II. Statutory Basis and General Principles of Share Seizure in Capital Companies
Pursuant to Article 133(2) of the Turkish Commercial Code No. 6102, irrespective of the distinction between joint-stock companies, limited liability companies, and limited partnerships by shares, it is possible to seize and convert into money a debtor partner's shares - whether or not embodied in an instrument - in accordance with the provisions of the Enforcement and Bankruptcy Law governing movable assets. The legislature has expressly stated in the explanatory memorandum to that provision that no legal distinction arises from whether the share to be seized belongs to a joint-stock company or a limited liability company, or from whether it has been embodied in an instrument (Court of Cassation, 12th Civil Division, 30.09.2013, E. 2013/22119, K. 2013/30474; Court of Cassation, 12th Civil Division, 13.02.2014, E. 2014/719, K. 2014/3938). This regulation abolished the restriction under the former TCC No. 6762, which provided that shares in limited liability companies could not be directly subjected to seizure.
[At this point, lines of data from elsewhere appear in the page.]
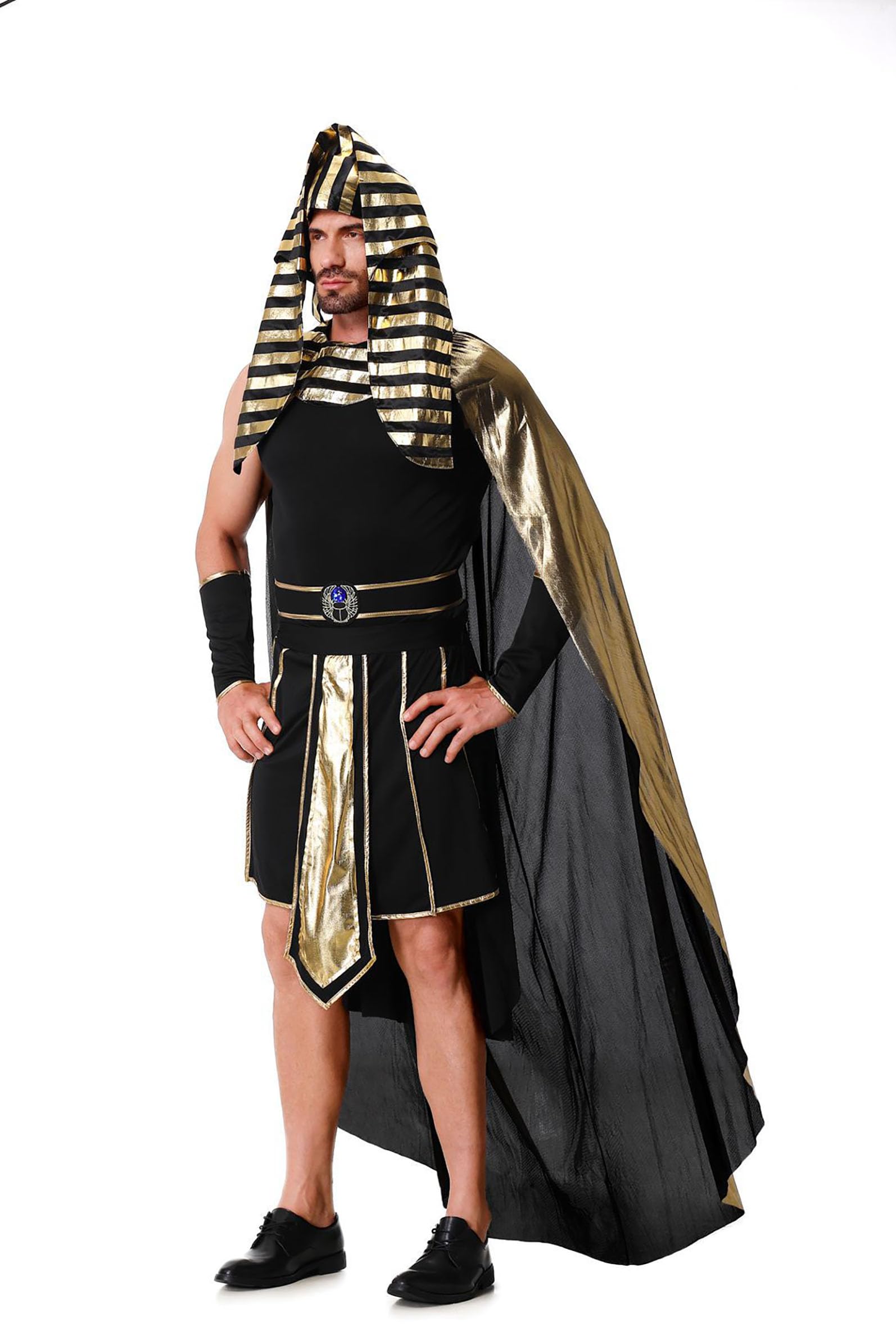 Disfraz de faraón egipcio para hombre, disfraz de egipcio, traje histórico del faraón para Halloween, carnaval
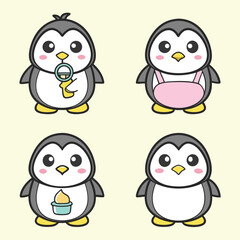 Naklejka premium A cute set of funny cartoon penguins in love are isolated on a white background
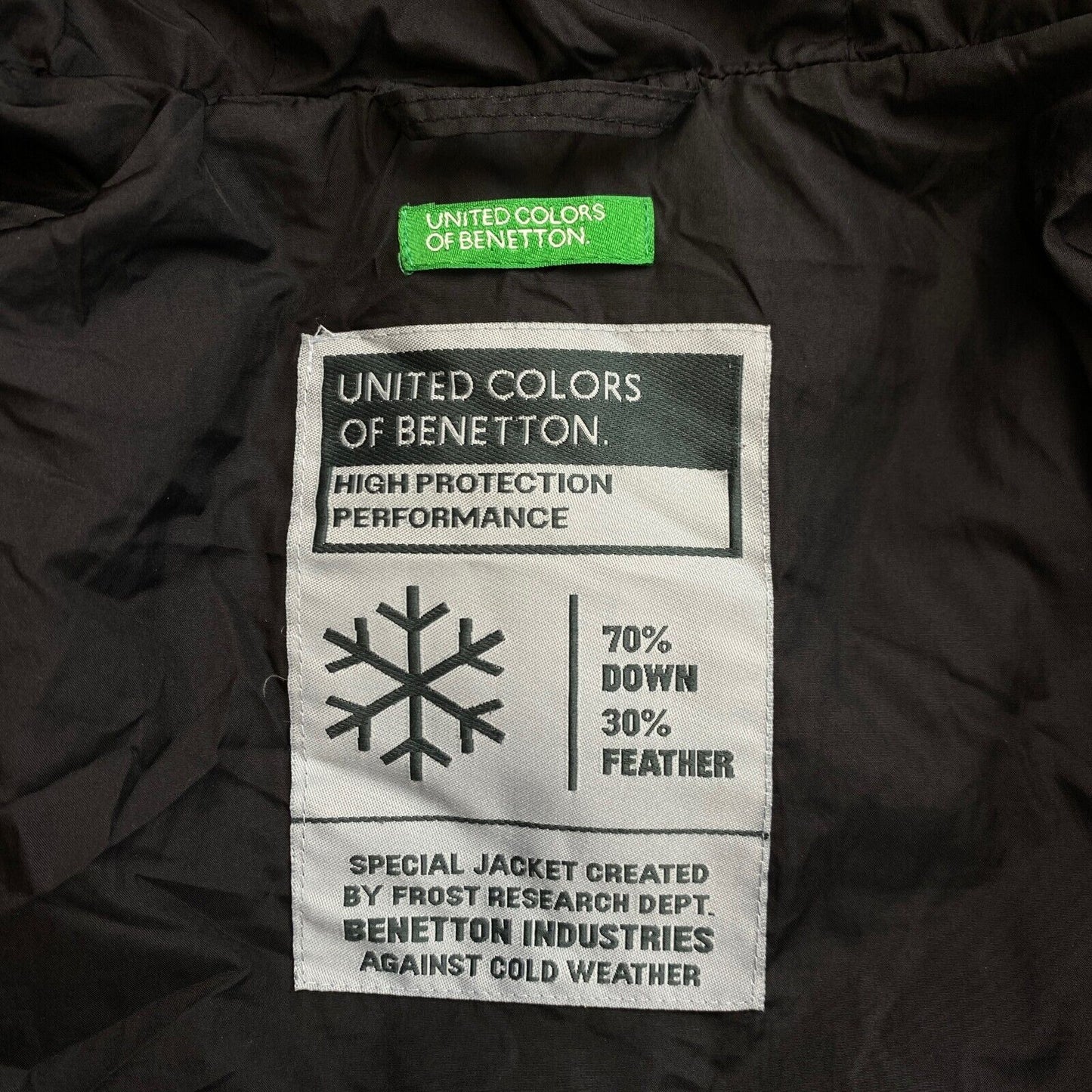 United Colors Of Benetton Black Hooded Down Puffer Jacket Coat Size EU 40 UK 12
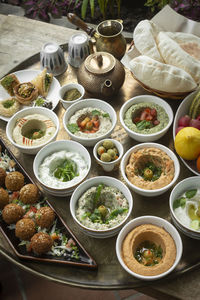 Close-up of food on table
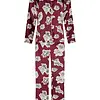 PPastunette Dames Pyjama Satijn - Lange mouwen - Burgundy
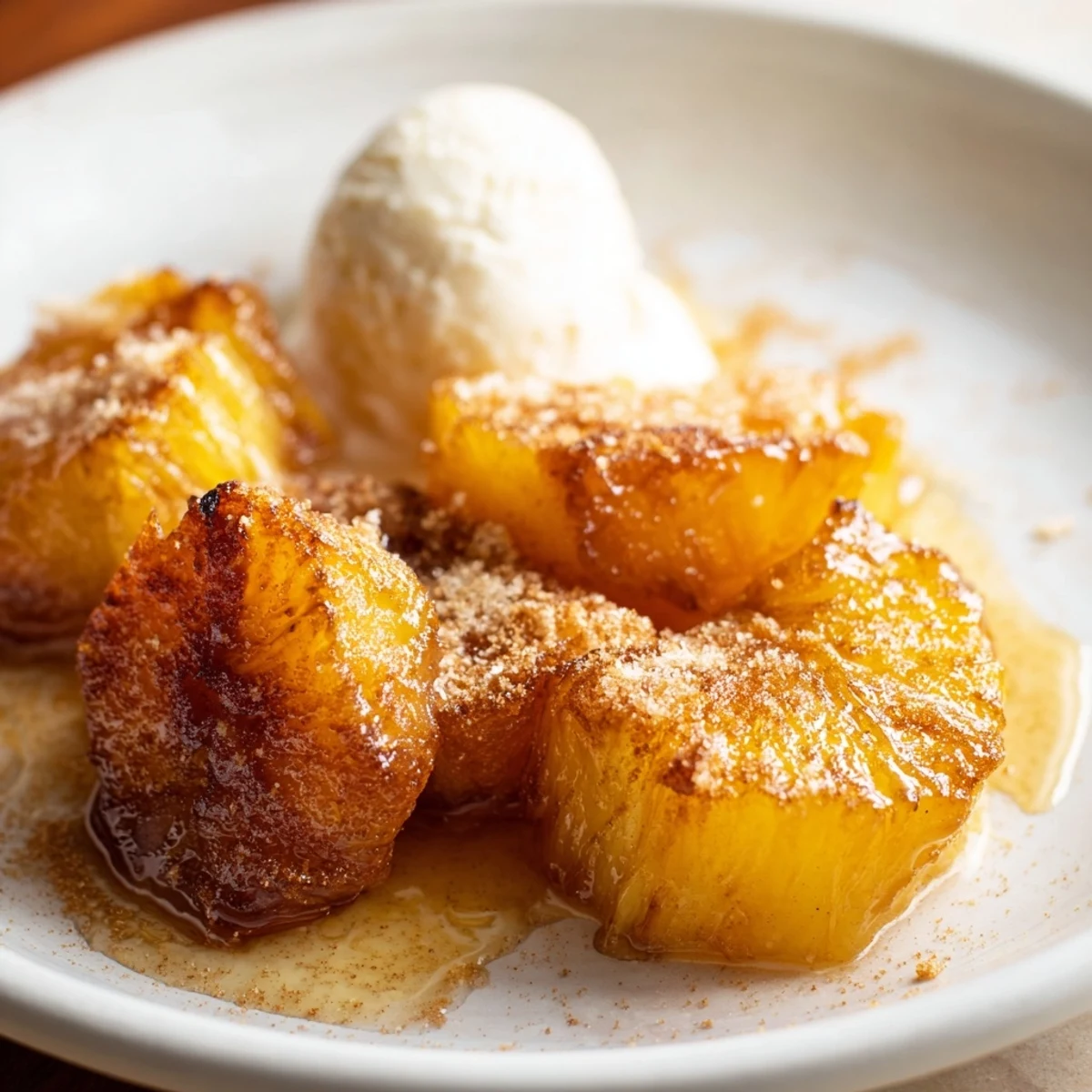 Caramelized Rum-Soaked Fried Pineapple pieces stacked on a plate, drizzled with honey and cinnamon, ready to be enjoyed after dinner.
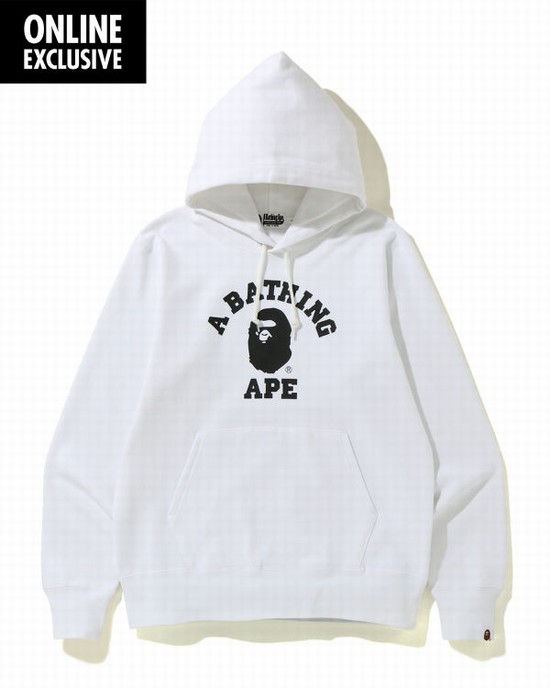 Pánské Mikiny S Kapucí Bape College Bílé | 85237YFAC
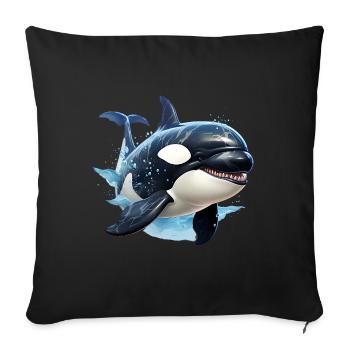 Orcas are among the intelligent sea creatures - Sofa pillowcase 17,3'' x 17,3'' (45 x 45 cm) - black - Front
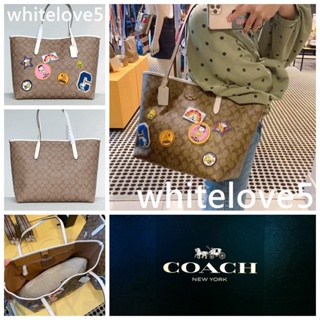 X Peanuts City Tote In Signature Canvas C4292 แท้ กระเป๋าสะพายข้าง COAC H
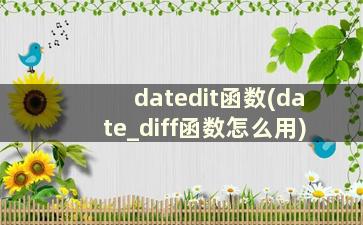 datedit函数(date_diff函数怎么用)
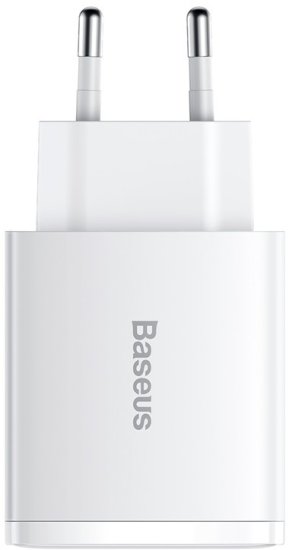 BASEUS kompaktný rýchlonabíjací adaptér 2x USB-A, 1x Type-C 30W CCXJ-E02 biela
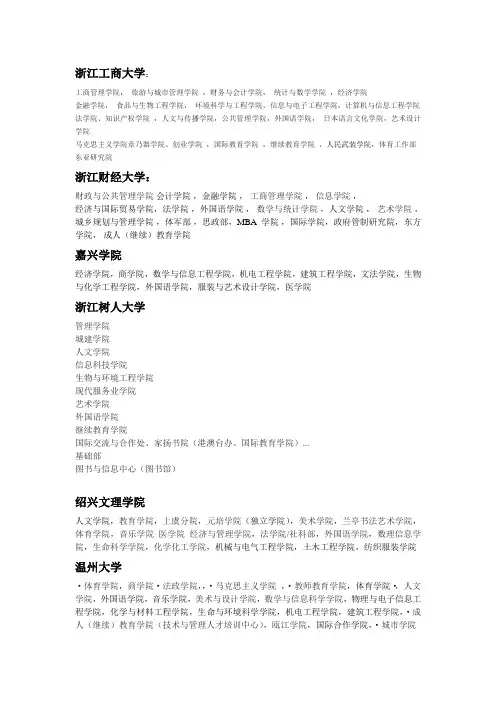 各高校院系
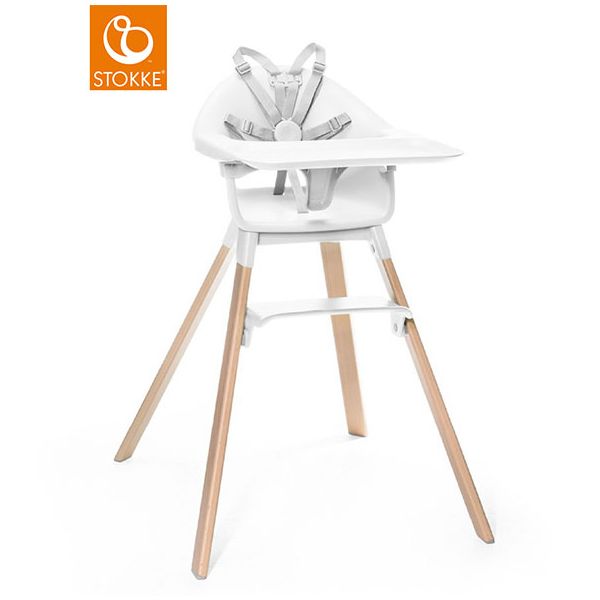 CLIKK High Chair with Nordic Grey Cushion - White - Display Model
1. Seizure of Shares in Joint-Stock Companies
The seizure of shares in joint-stock companies is subject to two distinct procedures depending on whether the share has been embodied in an instrument. This distinction is of vital importance for the validity of the seizure and the integrity of the enforcement proceedings.
The share seizure procedure in joint-stock companies differs depending on whether the share has been embodied in an instrument:
- Uncertificated (Bare) Shares: Pursuant to EBL Article 94(1), the debtor's share in the company is seized by notification from the enforcement office to the company. The seizure is deemed to have been effected on the date of notification to the company, and it must be recorded in the share ledger.
- Shares Embodied in Share Certificates or Interim Certificates: In such cases, the provisions on the seizure of movable assets under EBL Article 88 apply. The enforcement office must physically seize and take the share certificates into custody.
- Bearer Share Certificates: In the seizure of bearer instruments, physical custody pursuant to EBL Article 88 is the fundamental requirement.
a) Seizure of Bare Shares (Uncertificated Shares)
In joint-stock companies, it is not a statutory requirement for shares to be embodied in a share certificate or interim certificate. Shares that have not been embodied in an instrument are referred to in practice and in legal doctrine as "bare shares". The seizure of bare shares is carried out pursuant to EBL Article 94(1). The Court of Cassation General Assembly, in its decision dated 04.07.2007 (E. 2007/332, K. 2007/446), expressed this position as follows: "In a joint-stock company, it is not mandatory for a share to be embodied in a share certificate. If the share is not embodied in a share certificate (or interim certificate), it remains as a bare share."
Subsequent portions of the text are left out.